Two troubled men forge an unlikely friendship in Francesco Sossai’s dark Italian comedy

Other Cannibals

Source: Tallinn Black Nights

‘Other Cannibals’

Dir: Francesco Sossai. Germany. 2021. 96mins

The oddest of odd couple relationships drives this deliciously murky comedy about two men flung together by unusual appetites and unpalatable urges. Middle-aged factory worker Fausto (Walter Giroldini), with his gangly limbs, stringy bleached hair and too-tight trousers, is brow-beaten by his mother and sister. Ivan (Diego Pagotto), a small, neat man with the expression of a long-suffering shrew, is a PhD philosophy student. On paper, they have next to nothing in common. But these two strangers met and made a deal in one of the grubbier corners of the internet – and now comes the moment of reckoning. The very enjoyable feature debut from Francesco Sossai defies expectations at every turn. It’s a film which threatens to explore the unspeakable and finds, instead, something oddly life-affirming.

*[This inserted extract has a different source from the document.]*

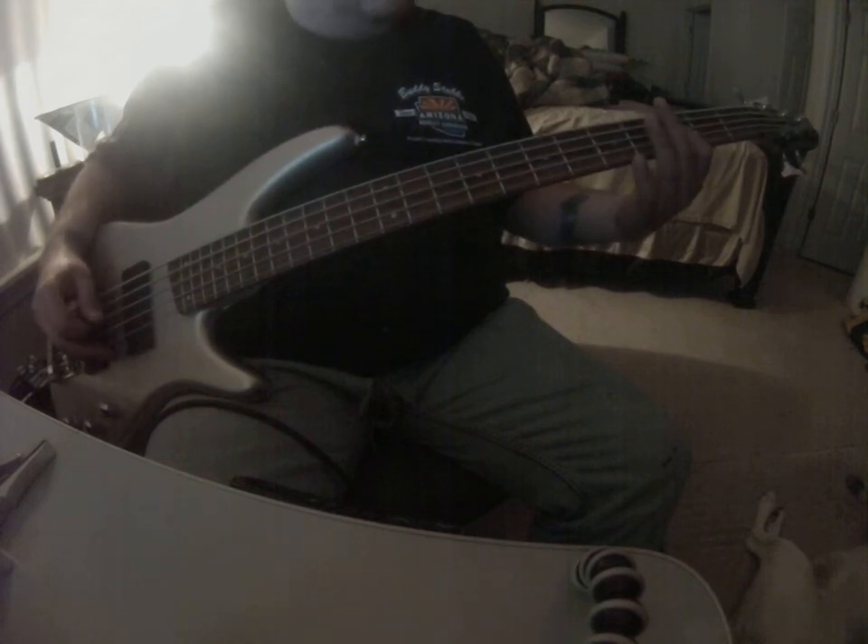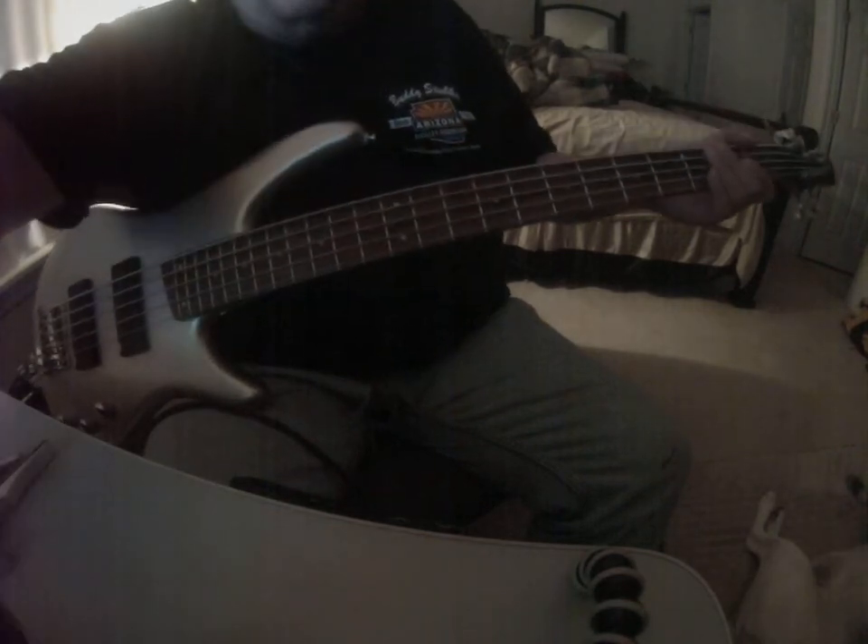This is the next part. This is basically up to the 5th fret on the A string — 3rd fret on the A string, 3rd fret on the A string, 1, 3, 3. So here it is with it.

 A rough and ready low budget production, the film makes the most of its assets

An Italian-language picture and a German production, Other Cannibals unfolds deep in the mountain country of the Italian Dolomites. It’s a region with a distinct personality, one which adds considerably to the somewhat eccentric, lawless and booze-addled tone of the picture. A rough and ready low budget production, the film makes the most of its assets: a teasing screenplay which hints at the truth behind the meeting of Ivan and Fausto, and a terrific cast which seems fully rooted in the world which is depicted. Distinctive enough to enjoy a healthy run on the festival circuit, the film could subsequently find an audience through a curated VOD platform.

The film dances around the flesh and bones of the deal which has been struck between the pair and, in order to maintain a degree of the tantalising mystery which shrouds the first half of the picture, this review will not reveal this plot detail. Suffice to say, there’s a moment of dysfunctional domesticity in a scene which sees Ivan and Fausto knife shopping together which sums up the film’s curious tonal blend of the extreme and the banal. 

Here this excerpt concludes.